- Interactive map of Klevset
- Klevset Location within Trøndelag Klevset Location within Norway
- Coordinates: 63°6′12″N 8°16′4″E﻿ / ﻿63.10333°N 8.26778°E
- Country: Norway
- Region: Western Norway
- County: Trøndelag
- Municipality: Heim Municipality
- Elevation: 37 m (121 ft)
- Time zone: UTC+01:00 (CET)
- • Summer (DST): UTC+02:00 (CEST)
- Post Code: 6680 Halsanaustan

= Klevset =

Village in Heim Municipality, Norway

Klevset is a village in Heim Municipality in Trøndelag county, Norway. It lies on the shore of Skålvik Fjord along County Road 350. The island of Bårsetøya lies just offshore in the fjord.

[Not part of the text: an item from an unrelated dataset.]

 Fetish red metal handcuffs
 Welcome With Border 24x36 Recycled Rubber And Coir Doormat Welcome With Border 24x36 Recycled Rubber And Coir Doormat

A small boatyard, J.M. Kleivset Båtbyggeri, formerly operated in Klevset. Among other vessels, it built three smacks for use by priests in the reconstruction of Finnmark after the Second World War.

The settlement was attested as Klauset in the 16th century and Kleffßett in 1590 (as well as Kleffset in 1667 and Klefset in 1723). The name is probably derived from the Old Norse word kleif which means 'cliff', referring to its location below a steep hill.